Please quote exactly the lines below from the line containing "2008' BMW 118 photo #1" to the line containing "9812 W Darnel", both lines included, and nothing else.

- **Data for processing**
- Opening Delimiter -
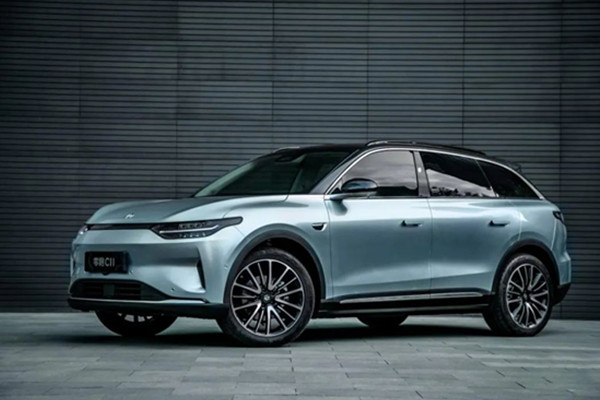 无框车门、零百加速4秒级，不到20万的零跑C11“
- Closing Delimiter -
- Opening Delimiter -
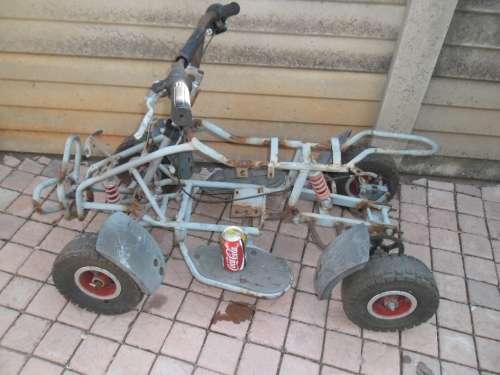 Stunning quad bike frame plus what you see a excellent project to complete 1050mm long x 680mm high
- Closing Delimiter -
- Opening Delimiter -
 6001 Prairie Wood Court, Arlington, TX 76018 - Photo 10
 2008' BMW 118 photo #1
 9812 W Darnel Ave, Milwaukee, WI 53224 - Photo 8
- Closing Delimiter -
- **Worked solution**
 2008' BMW 118 photo #1
 9812 W Darnel Ave, Milwaukee, WI 53224 - Photo 8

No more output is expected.